Just shows how whimpish the Met – Brave rivelry is compared to the dangerous one between the White Sox and Royals!
I'm reminded of Jon Stewart's story in one of the first Daily Show broadcasts after 9/11.
It went something like this. A taxi driver cuts off another taxi in midtown Manhattan.
The guy he cut off flips off the first driver with a middle-finger salute.
Stewart: “It was then that I knew…we were gonna be okay.”
Honest to Todd Zeile, something like that happened before my eyes. It was September 18, my first day back at work (I had been stranded by the flight shutdown in Vegas for several days) in the city and I was walking around a very quiet Fifth Avenue a little below 14th St., absorbed in thought when a woman on a bicycle cut off a woman trying to cross the street. The pedestrian lady shouted, “WHAT'S THE MATTER WITH YOU, YOU CUNT?”
It was then that I knew…we were gonna be okay.

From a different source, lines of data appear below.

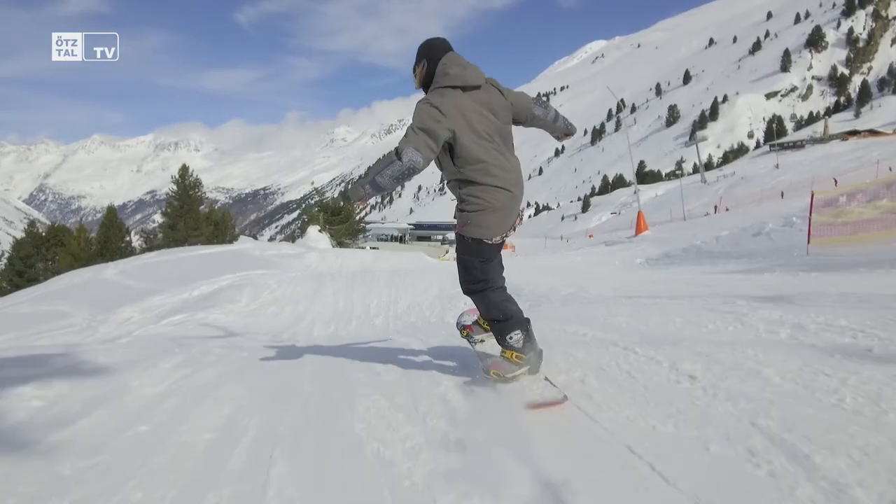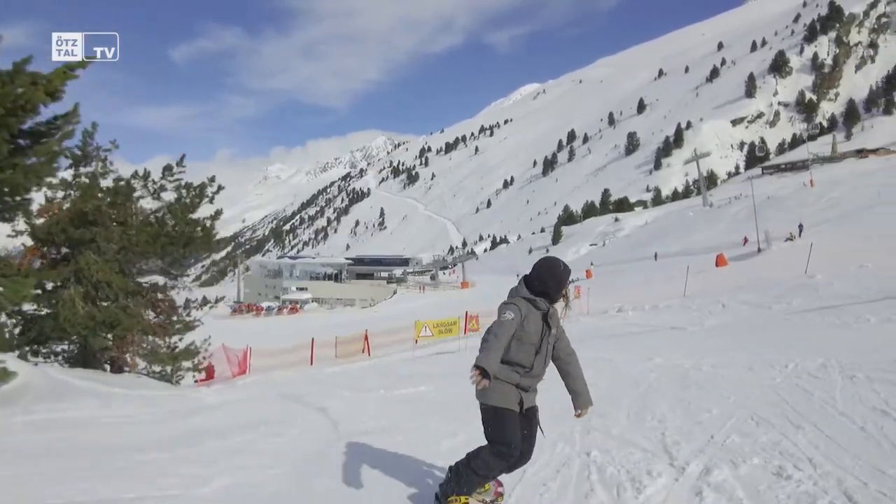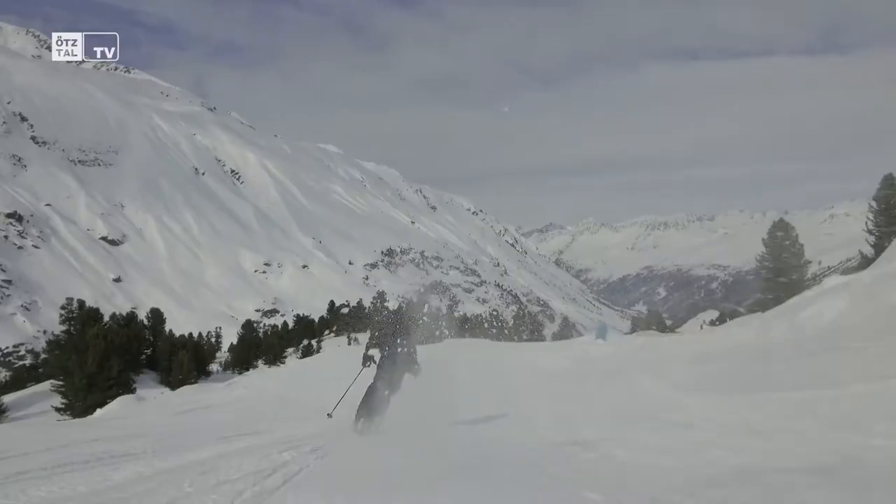Teilweise werden unsere Anlagen von unserem eigenen Personal hergerichtet und präpariert. In Obergurgl haben wir da eine sechsköpfige Girls Crew, die den Fun Mountain zum Glänzen bringen. Unsere Girls – das haben wir schon herausgefunden – legen einfach ein besonderes Augenmerk darauf, dass die Anlagen wirklich bestens präpariert sind, und da gilt ihnen ein großer Dank.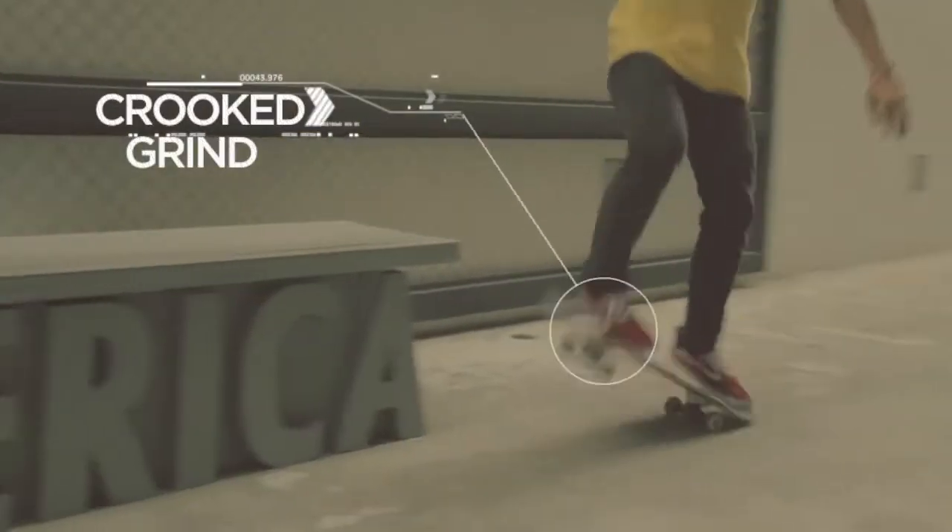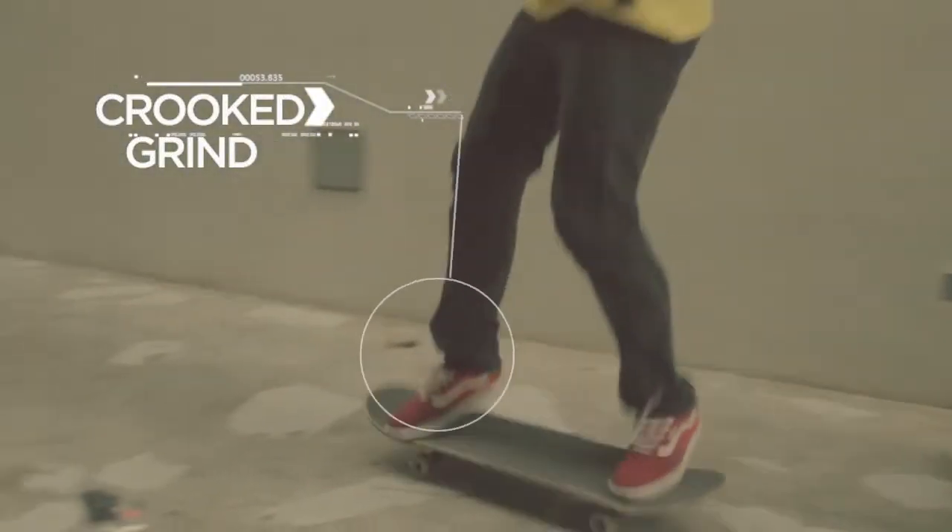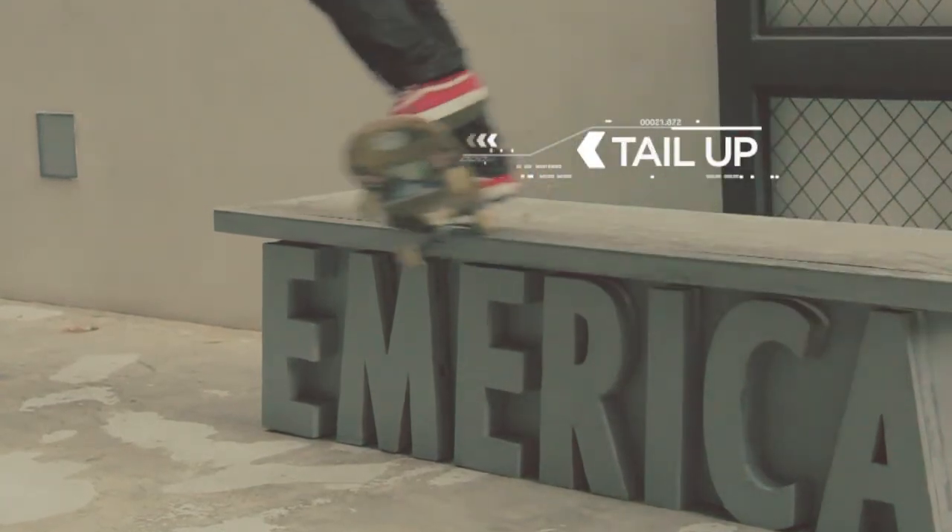A crooked grind is when your front truck grinds on a rail or ledge while having your board at an angle and keeping your tail up.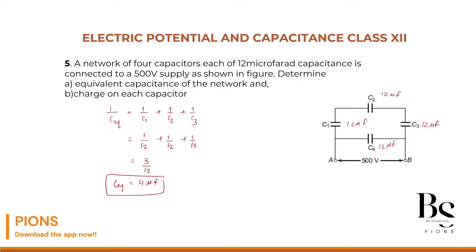Be very careful. Redrawing the circuit: the upper branch has 4 microfarad and the lower branch has 12 microfarad (C4), both connected across terminals A and B with a 500 volt battery. Since they are in parallel, the equivalent capacitance is 12 + 4 = 16 microfarad.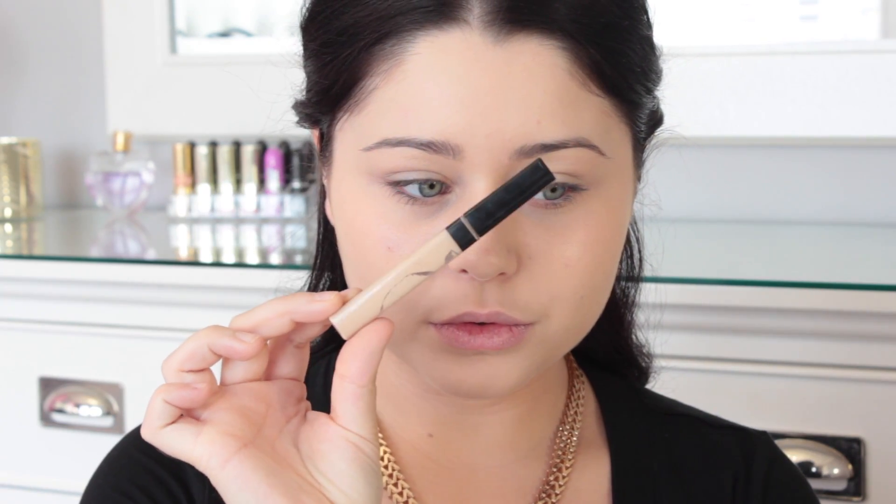So to get started, I actually already have my foundation on. I just did a first impression on the YSL foundation, which I absolutely love so much. Check out that video in the description bar where I leave an update.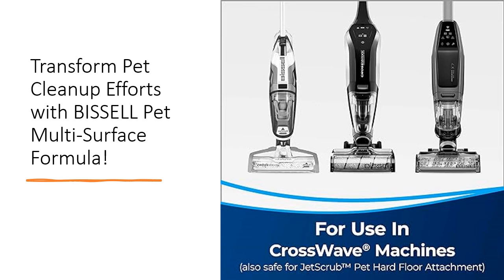Whether it's sealed hardwood, ceramic tiles, or area rugs, this versatile formula delivers exceptional results on a variety of surfaces.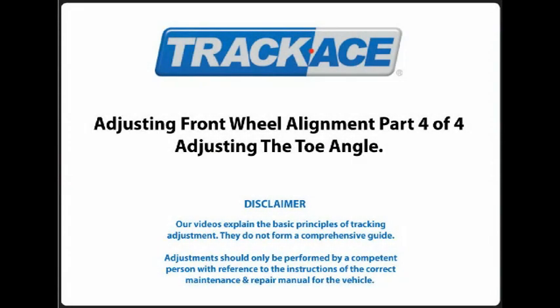Our videos explain the basic principles of tracking adjustments. They do not form a comprehensive guide. Adjustments should only be performed by a competent person with reference to the instructions of the correct maintenance and repair manual for the vehicle.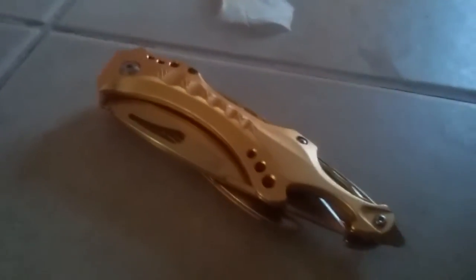So, that's how you open and close a pocket knife. This is a golden pocket knife — you love it, you can buy it. I want to thank you. Good morning, guys.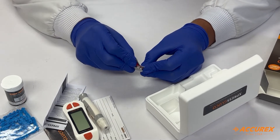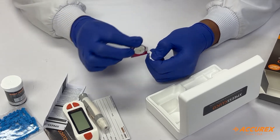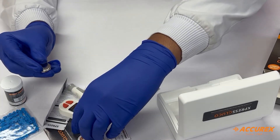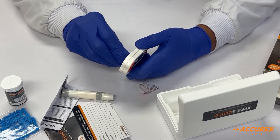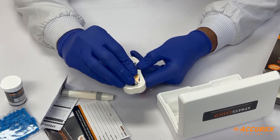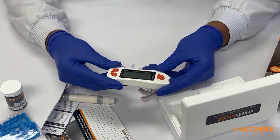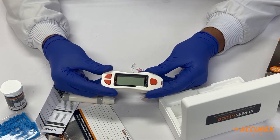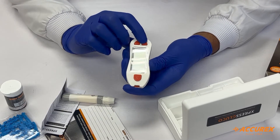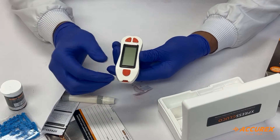Now we will place the battery inside the monitoring system to start the meter. After placing the battery, you can see there are three buttons on the monitoring system. The first button is to see previous readings, the second button is to shut down the meter, and the third button is for strip ejection.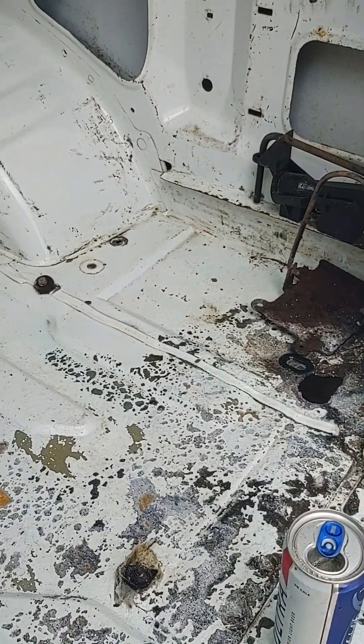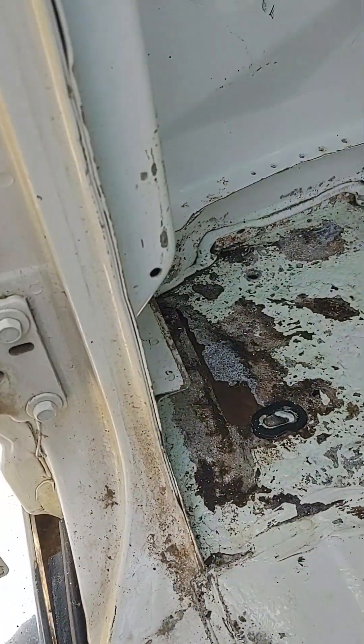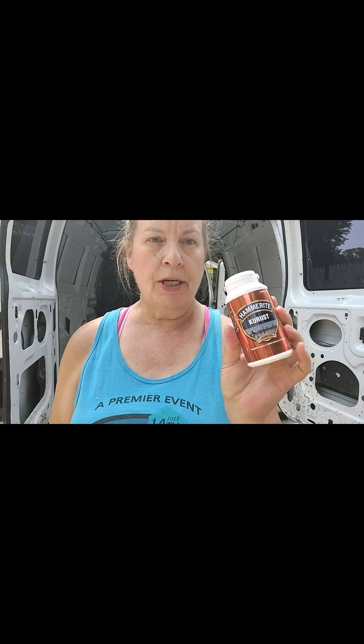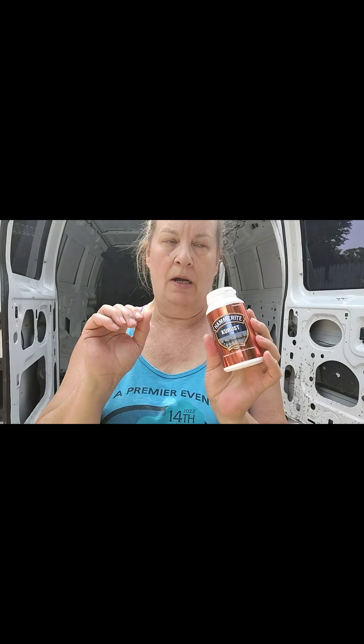Taking a bit of a reverse course — I had talked about using JB Weld but we're not going to. Here's what we're using next: this is Hammer Right, which is supposed to make rusty surfaces bondable — for Bondo, JB Weld, or whatever — to make the surface bondable. This is where we're going next.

Makes me wonder how many nonogenarians live in Chicago; I suppose some of them “got theirs” when the White Sox won a few years ago, but there must be a few elderly Cubs fans still hanging on there in Chi.
(FWIW, Steve Goodman wrote his classic “A Dying Cub Fan's Last Request,” when he himself was in the throes of passing at the mere age of 36 after battling leukemia for 15 years. Linky.)